Could you output each line below precisely as it stands, without the images?

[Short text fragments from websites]
::::::

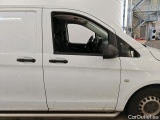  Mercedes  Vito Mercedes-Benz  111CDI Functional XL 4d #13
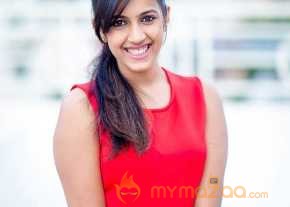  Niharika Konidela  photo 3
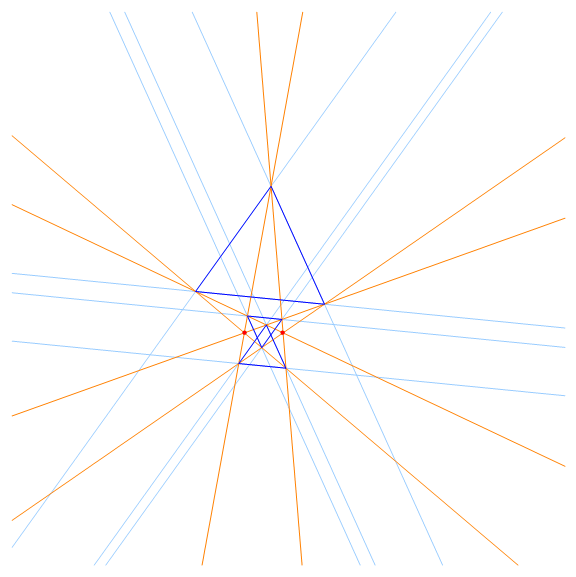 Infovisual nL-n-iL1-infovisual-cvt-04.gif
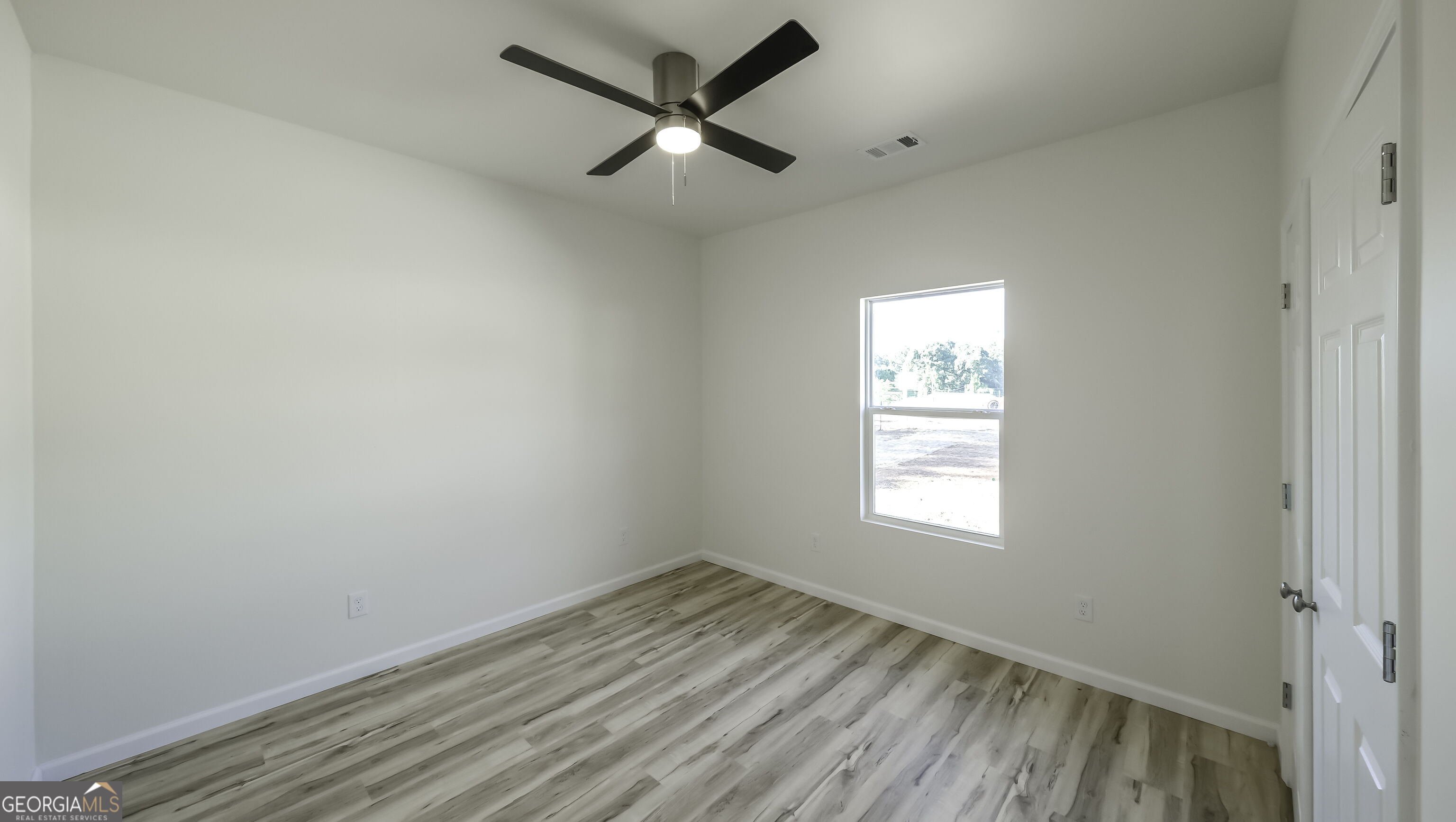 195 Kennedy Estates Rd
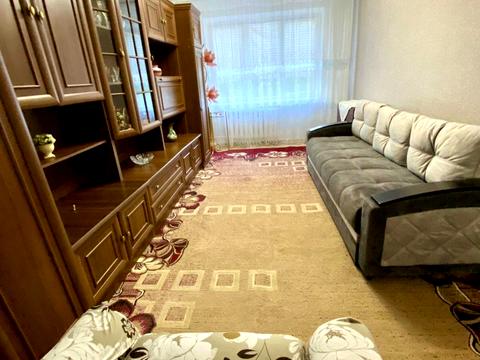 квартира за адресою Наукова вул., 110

::::::

## Response
  Mercedes  Vito Mercedes-Benz  111CDI Functional XL 4d #13
  Niharika Konidela  photo 3
 Infovisual nL-n-iL1-infovisual-cvt-04.gif
 195 Kennedy Estates Rd
 квартира за адресою Наукова вул., 110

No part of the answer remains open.